Supplied entries Block Start

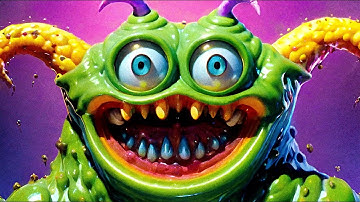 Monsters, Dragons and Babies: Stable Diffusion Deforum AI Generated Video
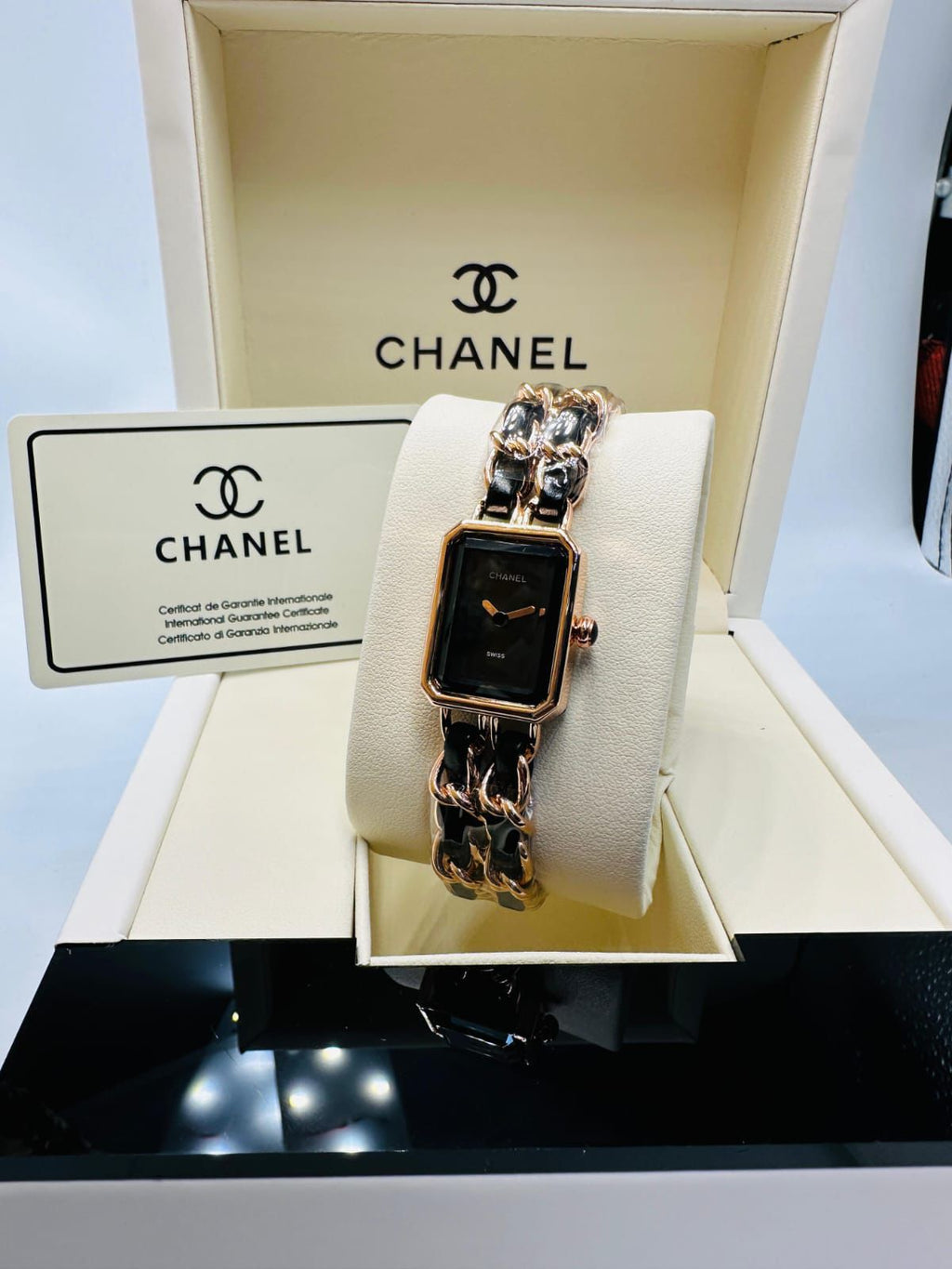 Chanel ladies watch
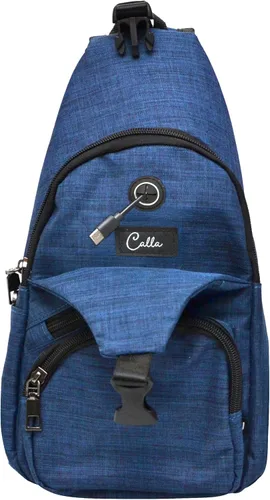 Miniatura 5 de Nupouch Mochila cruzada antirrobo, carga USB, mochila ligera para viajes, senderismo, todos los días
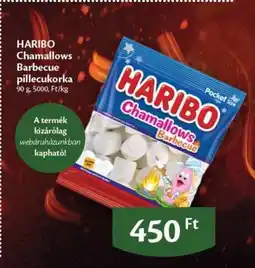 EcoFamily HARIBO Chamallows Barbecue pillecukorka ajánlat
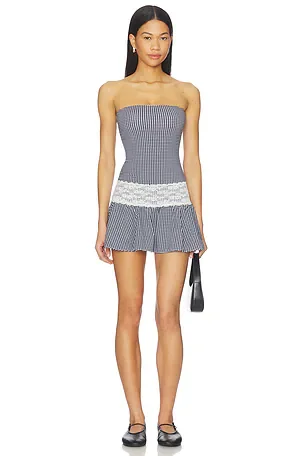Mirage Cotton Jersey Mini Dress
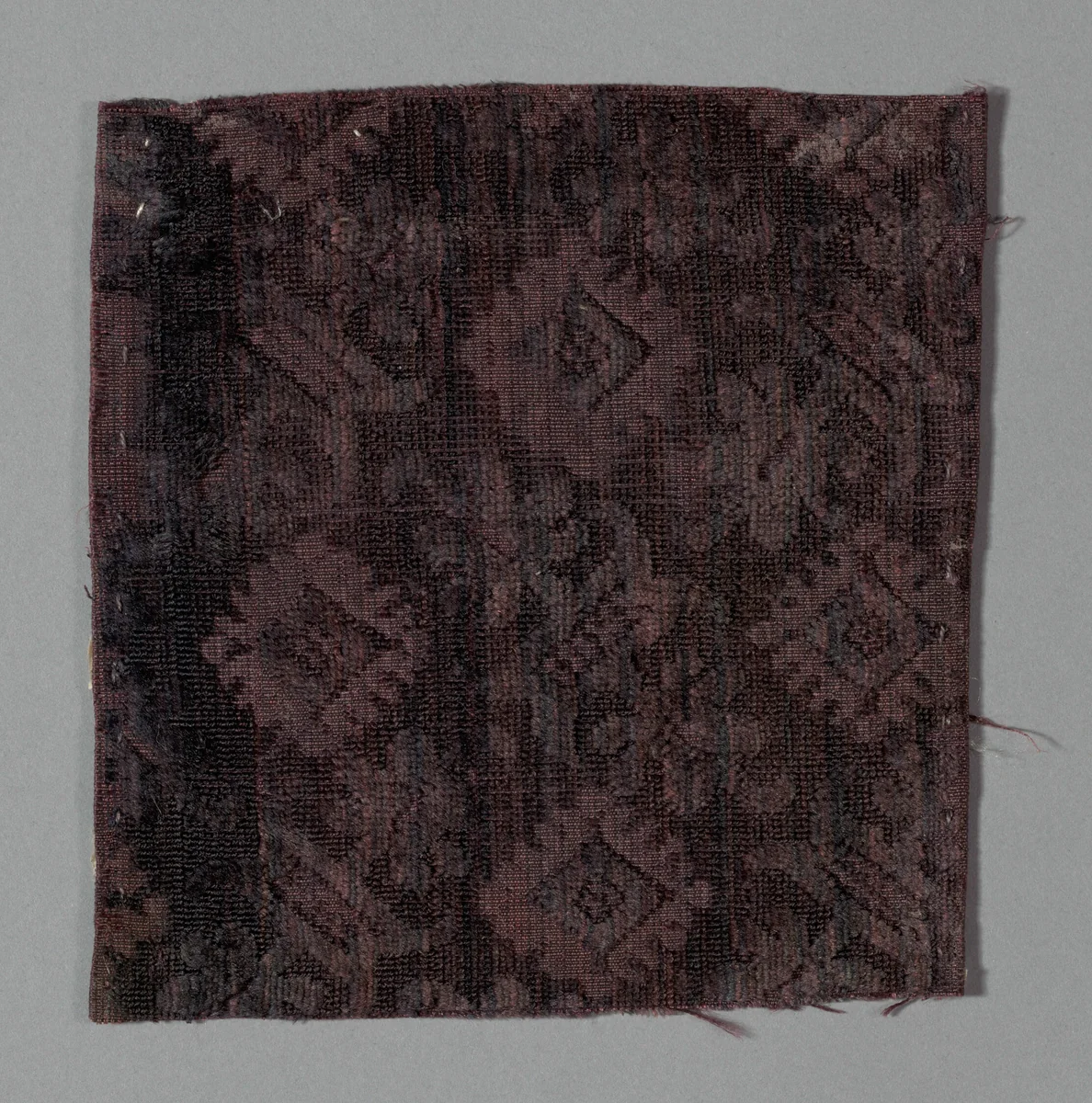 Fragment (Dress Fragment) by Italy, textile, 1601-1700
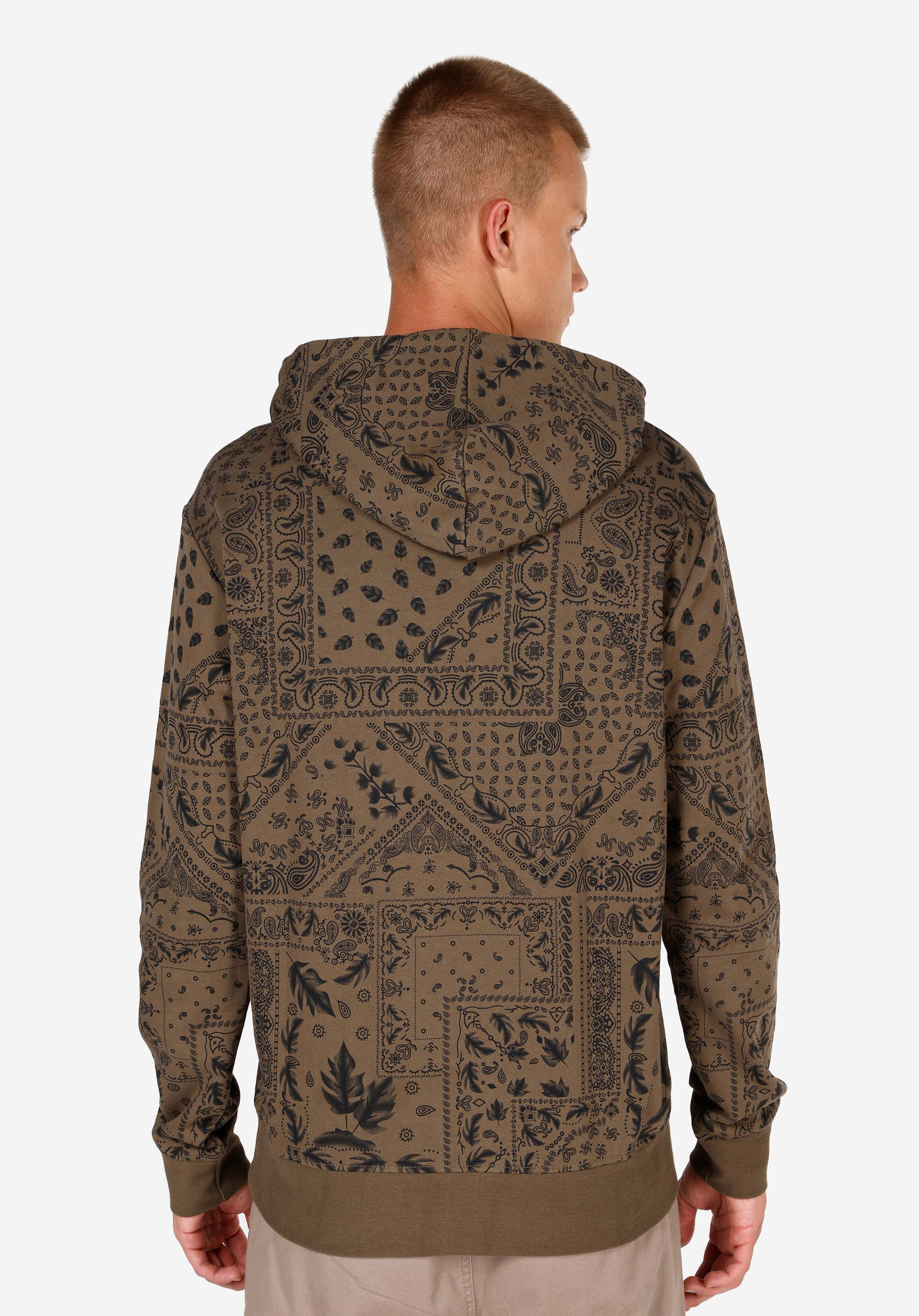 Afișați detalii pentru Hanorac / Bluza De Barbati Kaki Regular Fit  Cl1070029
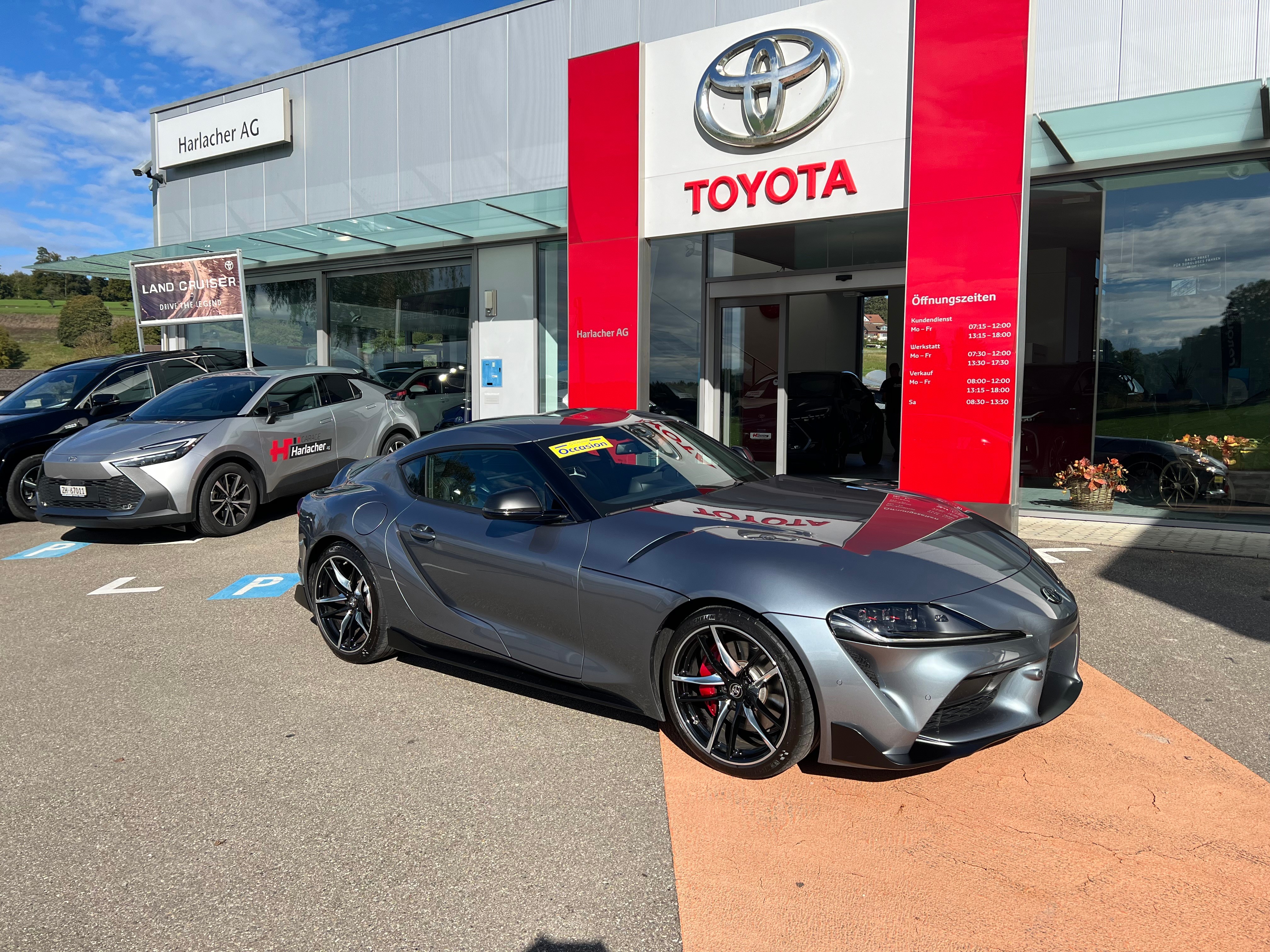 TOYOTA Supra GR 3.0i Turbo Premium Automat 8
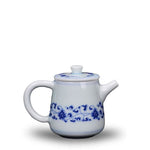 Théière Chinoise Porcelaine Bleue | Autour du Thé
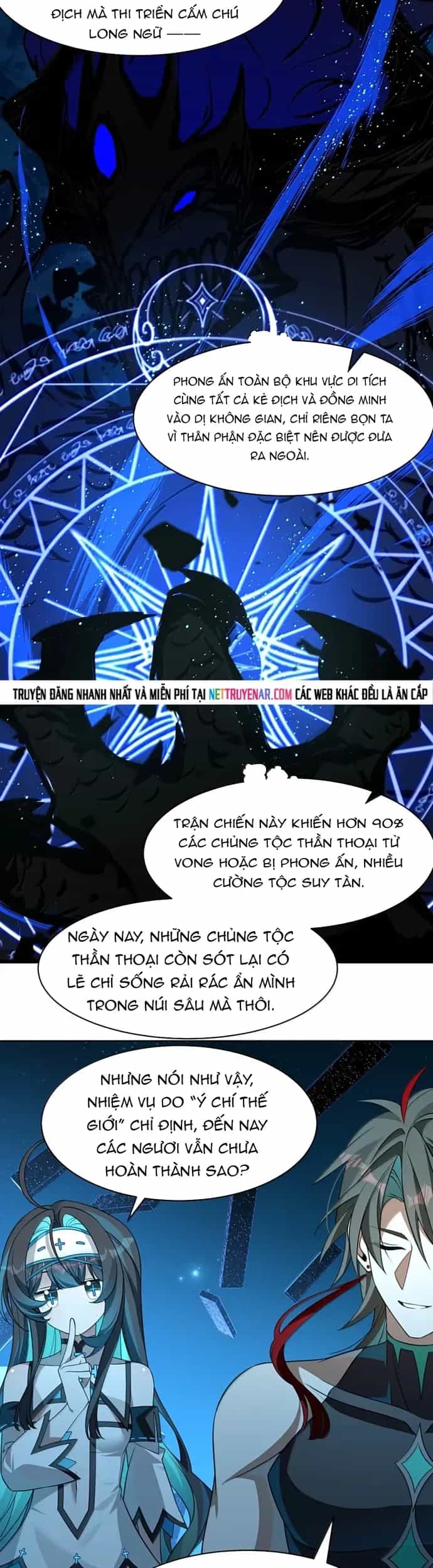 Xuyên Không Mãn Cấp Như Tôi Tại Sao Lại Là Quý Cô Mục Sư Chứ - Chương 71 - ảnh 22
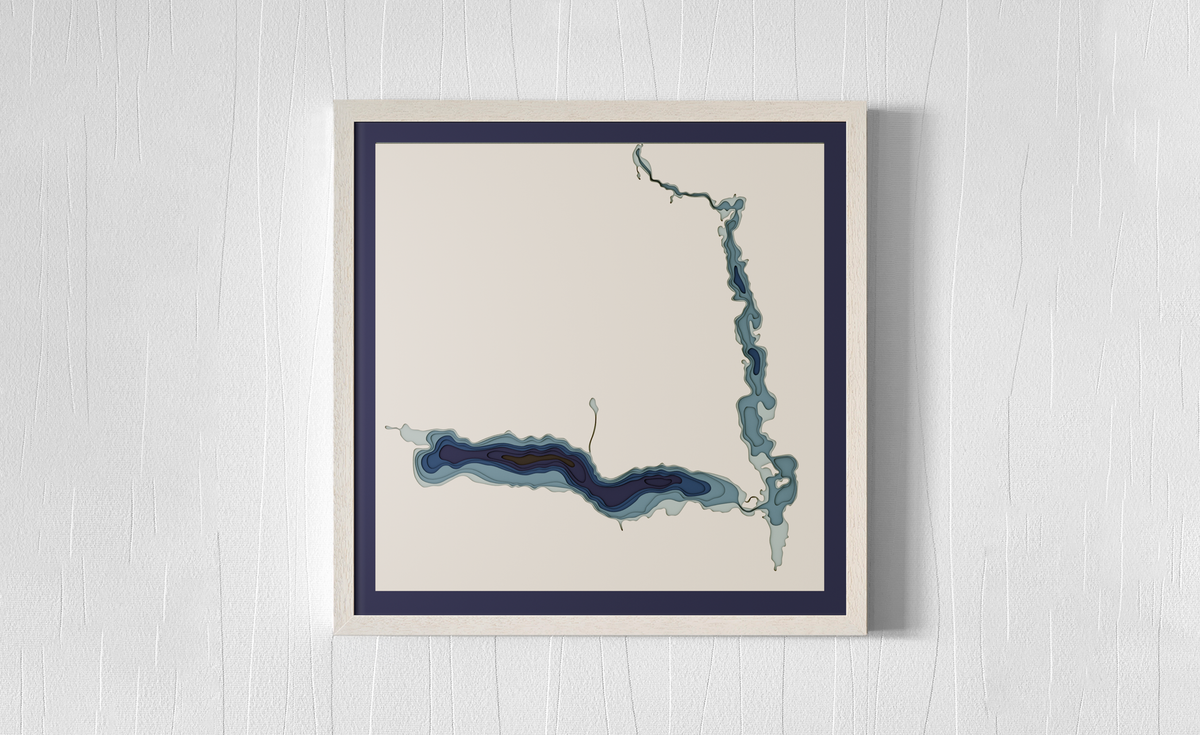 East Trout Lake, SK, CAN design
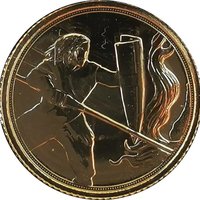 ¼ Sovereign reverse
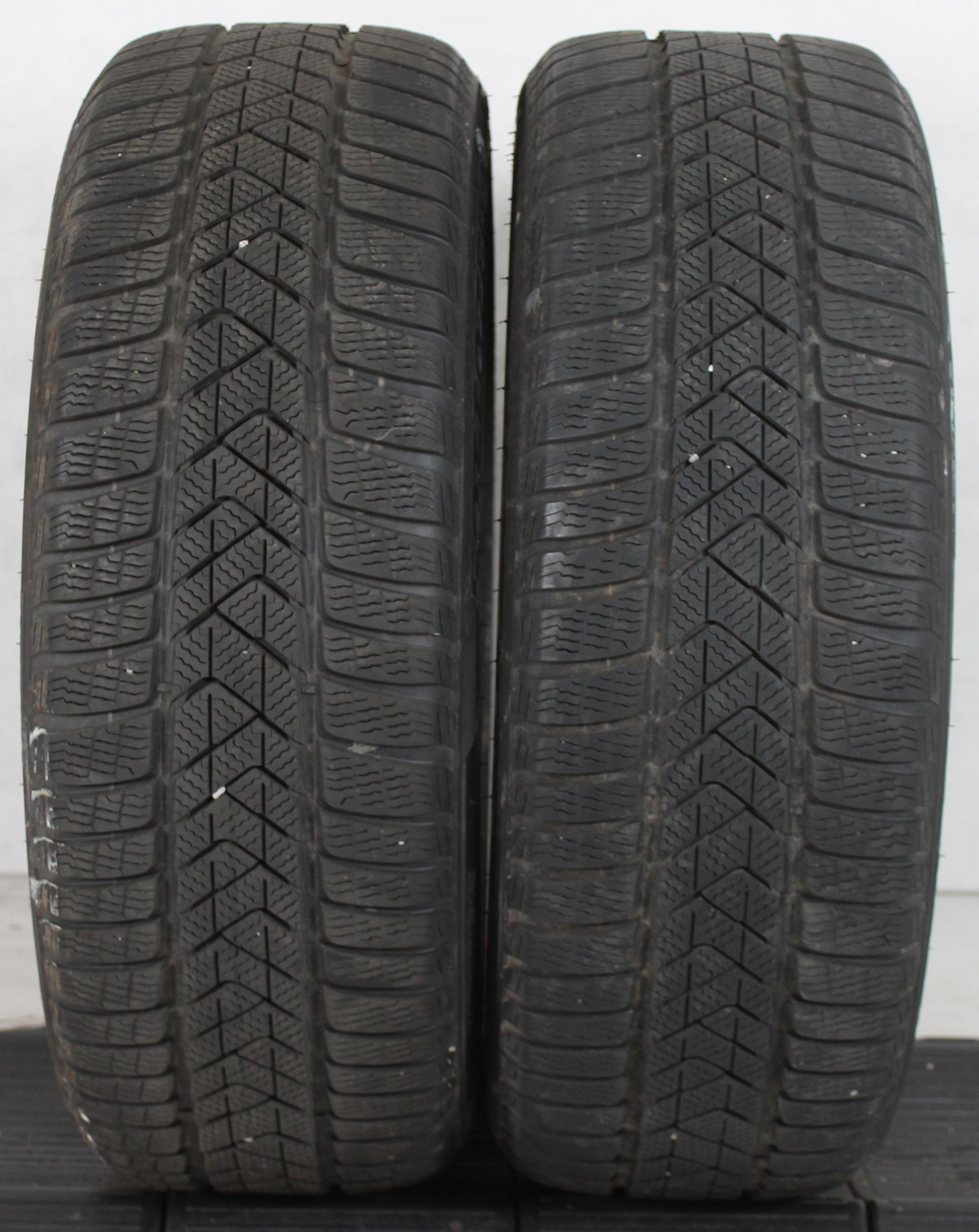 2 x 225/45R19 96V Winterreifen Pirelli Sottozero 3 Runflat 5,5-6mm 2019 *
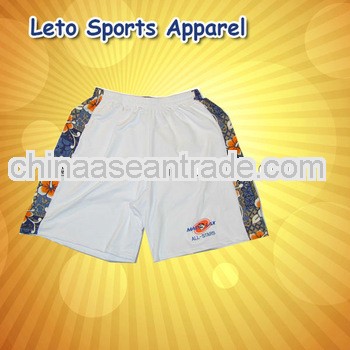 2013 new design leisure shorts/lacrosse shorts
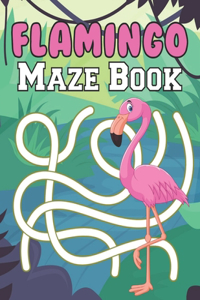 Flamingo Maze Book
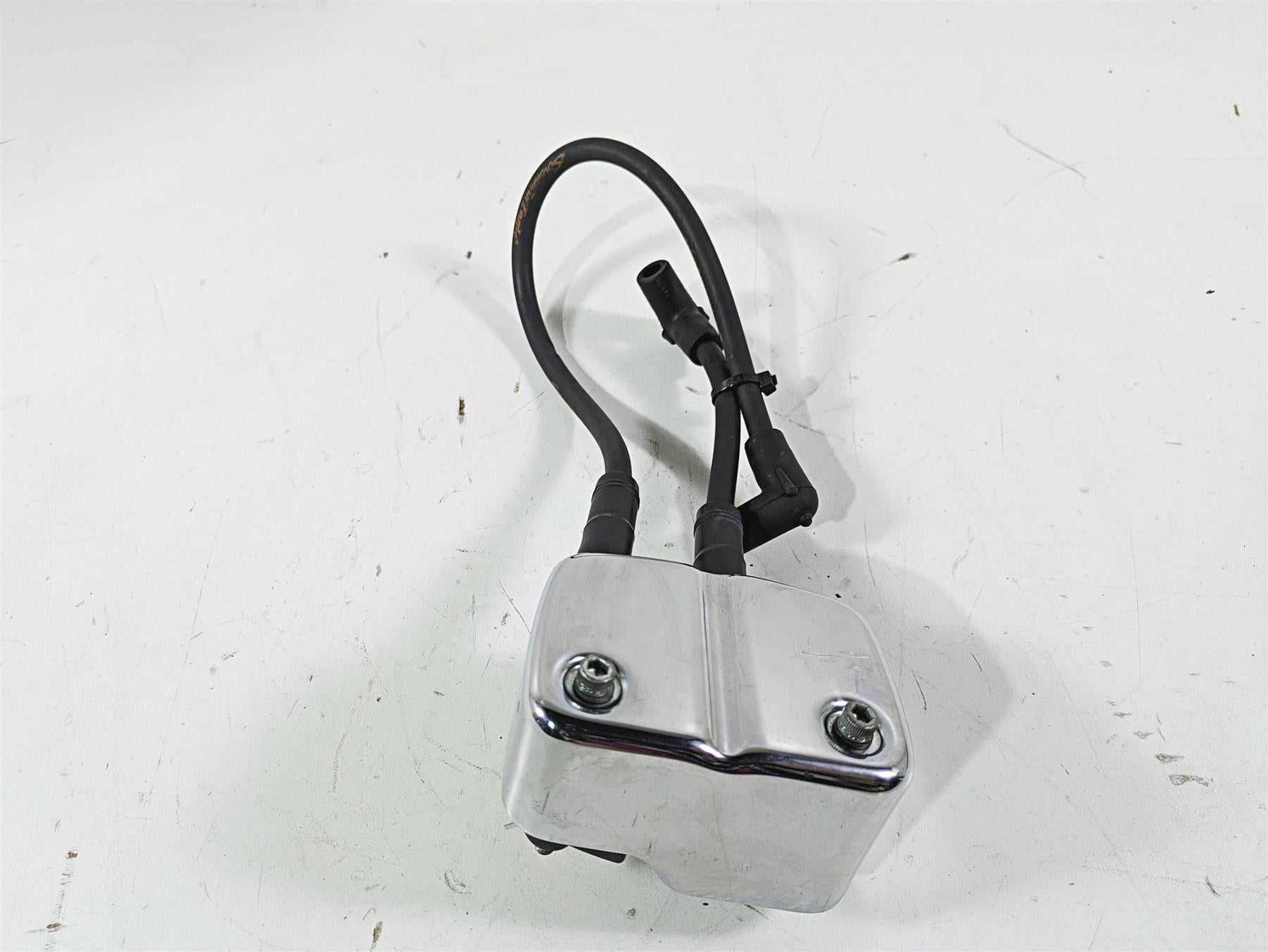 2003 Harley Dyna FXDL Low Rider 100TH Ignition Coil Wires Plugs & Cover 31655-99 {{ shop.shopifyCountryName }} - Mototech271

Supplied entries Block End

**Exercise requirements**
Exactly as they stand, retype all the entries, but omit the pictures.

**Task output**
 Monsters, Dragons and Babies: Stable Diffusion Deforum AI Generated Video
 Chanel ladies watch
 Miniatura 5 de Nupouch Mochila cruzada antirrobo, carga USB, mochila ligera para viajes, senderismo, todos los días
 EcoFamily HARIBO Chamallows Barbecue pillecukorka ajánlat
Mirage Cotton Jersey Mini Dress
 Fragment (Dress Fragment) by Italy, textile, 1601-1700
 Afișați detalii pentru Hanorac / Bluza De Barbati Kaki Regular Fit  Cl1070029
 TOYOTA Supra GR 3.0i Turbo Premium Automat 8
 Théière Chinoise Porcelaine Bleue | Autour du Thé
 Xuyên Không Mãn Cấp Như Tôi Tại Sao Lại Là Quý Cô Mục Sư Chứ - Chương 71 - ảnh 22
 East Trout Lake, SK, CAN design
 ¼ Sovereign reverse
 2 x 225/45R19 96V Winterreifen Pirelli Sottozero 3 Runflat 5,5-6mm 2019 *
 2013 new design leisure shorts/lacrosse shorts
 Flamingo Maze Book
 2003 Harley Dyna FXDL Low Rider 100TH Ignition Coil Wires Plugs & Cover 31655-99 {{ shop.shopifyCountryName }} - Mototech271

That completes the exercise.